Les organisateurs ont été fidèles à leur image : accueillants, chaleureux, prévenants. L'esprit familial qui règne au sein de l'équipe — enfin, c'est ce qui en ressort — est confirmé par la
présence constante des bénévoles d'une année sur l'autre. Reconnaître leur visage souriant en profitant du petit café/croissant d'accueil est un plaisir attendu, presque espéré dès qu'on prend la
route pour se rendre au salon.
Un clin d'œil à Sébastien (et son père,
patissier et marchand de glaces) que nous avons taquiné deux jours durant. J'espère que les autres bénévoles que nous adorons aussi n'en prendront pas ombrage, je suis incapable de me souvenir de
plus de deux prénoms à la fois…
La touche raffinée de fleurs de genêts et rameau d'olivier sur les tables ont parachevé le tableau. Prêts, fins prêts, auteurs et éditeurs invités pouvaient se mettre au diapason, et présenter
leurs ouvrages au public du jeudi matin, partagé entre feuilles de laitue et pages de roman, puisque le marché s'était installé, comme à son habitude, sur la place du village.
Non, le gingembre n'ensorcelait pas le passant, les roses n'exhalaient un parfum de débauche, aucune jeune femme envoûtante ne s'était cachée derrière une arcade pour tenter les hommes de passage…
Non, pour sentir le vent de luxure, il fallait se rendre dans les lieux propices où des textes parfois sulfureux avaient pris rendez-vous avec les passionnés, les aventuriers du mot, les téméraires
du texte.
Chaque année, un péché capital est soumis au visiteur, à moins que ce ne soit le visiteur qui ne s'y soumette, allez savoir? Mais, comment résister à l'invitation de la luxure?
Côté salon, les arcades résonnaient de mille
voix, celles des visiteurs, dont de nombreux habitués, retrouvant tel auteur de l'an passé ou celui d'avant, avec un nouveau titre. Lecteur séduit, il ne lui fallait pas longtemps pour demander la
dédicace et repartir, roman sous le bras, rêvant de lecture, heures solitaires dans un nouvel univers.
Le jeudi, le repas pris en groupe possèdait l'avantage de la rencontre et du partage entre auteurs à l'ombre des platanes. S'il fallait une note, non pas fausse, mais plutôt en bémol, ce serait
celle du menu servi, qui avait pour mérite malgré tout, de rappeler les cantines d'antan.

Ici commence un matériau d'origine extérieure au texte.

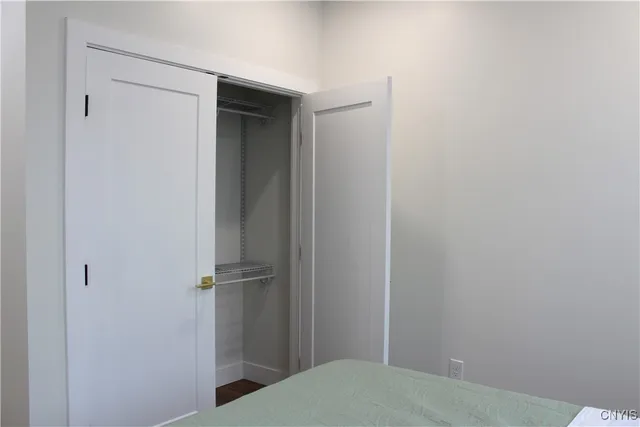 $2,400 | 110 Hotel Street, Unit 2, Utica, NY 13502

De retour le samedi, la foule se fit plus rare,
mais le contact avec les lecteurs toujours aussi enrichissant. La note en dièse fut la présence d'Atiq Rahimi, accompagné de son fidèle petit chapeau et de son écharpe, reconnaissable à sa
fine moustache, son regard afghan perçant et son sourire accueillant. Auteur de Syngué sabour (La pierre de patience, prix Goncourt), Le Retour imaginaire, Les mille maisons du rêve et de la
terreur et de Terre et cendres, il a, d'après les auditeurs, animé une conférence empreinte de chaleur et de simplicité, loin des fards de la remise du Prix Goncourt dans les salons parisiens.
Mais je ne saurais faire de l'ombre aux autres intervenants moins célèbres mais tout aussi captivants. Difficile de parler de tous, surtout qu'en tant qu'auteur invité, je me devais de rester à ma
place pour dédicacer mes deux romans, "Toca Leòn!" qui jouit d'un lectorat solide et de "La grande Borie" qui ne demande qu'à s'en faire un puisqu'il vient de sortir.
Deux jours à Nyons, à peine le temps de se dire
bonjour et au revoir, repartir avec un cadeau de l'amitié, des produits du terroir généreusement offerts par les partenaires du salon.
On pense déjà à l'année prochaine qui verra l'avarice envahir les cours et les jardins, raser les murs de peur qu'on la hue, qu'on la vilipende. Elle ne pourra pas se vautrer sur un grand
lit au milieu de la place, tel ce lecteur d'extraits érotiques à demi nu.
Que nous réserve l'équipe de Lire en mai? Nous verrons cela dans 51 semaines, mais, silence, ils sont déjà au travail!